ハンググライダー

空を颯爽と飛ぶハンググライダー

車で移動中にふと空を見上げた時、空高く鳥のように三角の翼を広げ飛ぶハンググライダーを見ることがあります。
自由にスーッと飛ぶハンググライダーは、見ていて気持ちがいいだろうな・・・と感じ、やってみたい・・・と思う方もいるでしょう。

最近はハンググライダーの機材も非常に安全性の高いものとなってきているので、チャレンジしてみたいという人は多いでしょう。
ではハンググライダーの魅力、特徴を紹介します。

ハンググライダーとはどういう仕組みなのか

アルミパイプの骨組、セールはポリエステル、三角形の機体に吊り下がる状態で滑空するのが、ハンググライダーです。
ハーネスという下半身を包み込むような装具を利用し、うつぶせ状態で機体にぶら下がり、飛行します。

腕の力も必要としませんし、特別、筋力が必要という事もなく、離着陸する時、斜面を助走する事が出来れば、誰にでもできます。
年齢、性別などを問うことなく楽しめるレジャーなのです。

ハンググライダーは、NASAの前進、NACAで宇宙船や切り離しをしたロケットの回収用の翼として開発されたもので、スカイスポーツの元祖と呼ばれています。
1976年、日本でも第1回ハンググライダー日本選手権が行われ、一躍脚光を浴びました。

ハンググライダーとパラグライダーはどう違うの?

パラグライダーは、楕円形の布で骨組がない翼です。
ハンググライダーは、ブーメラン型で骨組がある翼で、飛行スピードが全く違います。
まさしく滑空するというイメージです。

一般的にハンググライダーは、30から40km位のスピードが出ますし、上級者となると高性能な翼を利用しているため、100km位のスピードで飛行できます。
エンジン付きのモーターハンググライダーもありますが、エンジンがついているかいないかの違いで、人の足で離着陸するという乗り物です。

ハーネス内に体を入れて飛ぶので、機体に手で捕まる事もなく、うつぶせの状態で乗ります。
搭乗者は期待を持ち上げている感覚で、斜面を駆け下り離陸、症状気流に乗れば大空のフライトを楽しむことができます。
小鳥は1秒間に何十回と翼をはばたかせて大空を飛んでいますが、ハンググライダーはなぜ、羽ばたき無しで空を飛ぶことができるのか、というと、ハンググライダーの翼は、空気を上と下に分け飛んでいるのです。

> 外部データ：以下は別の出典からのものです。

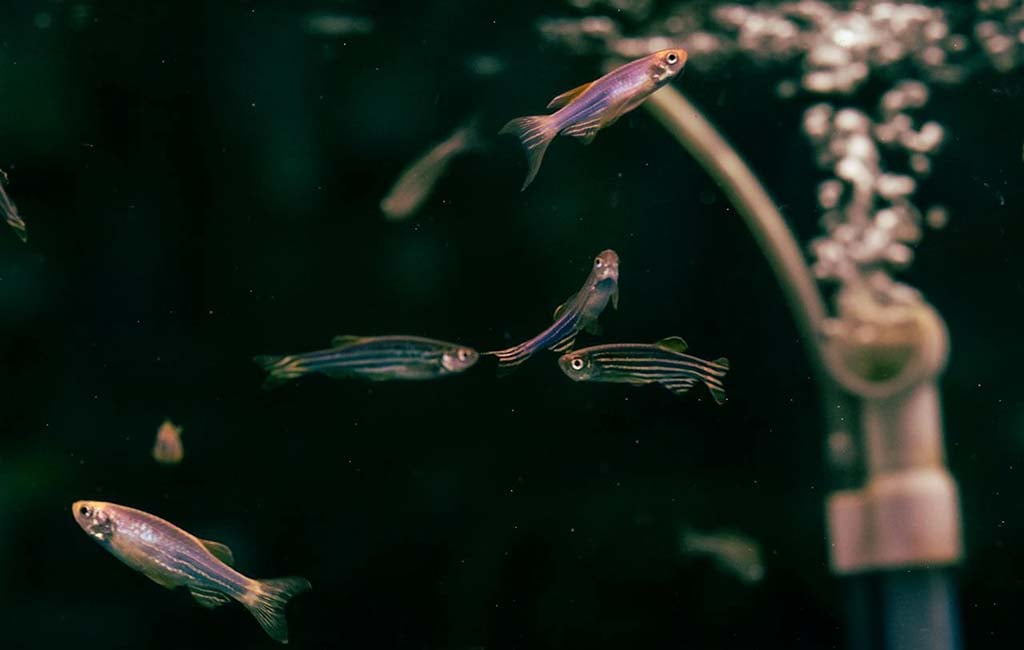 Recover the Bent Zebrafish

上と下に分かれた空気は、翼の後ろに行くと合流します。
翼の断面をみればよくわかるのですが、上の面が下の面より長く作られているので、上の面の空気が下の面よりも早く進まなくてはならず、そこで上と下の速度の違いが発生し、圧力にも違いが出ます。
この違いが上向きに行こうとする揚力となり、この力によってハンググライダーは翼をはためかせることなく空を舞う事が出来るのです。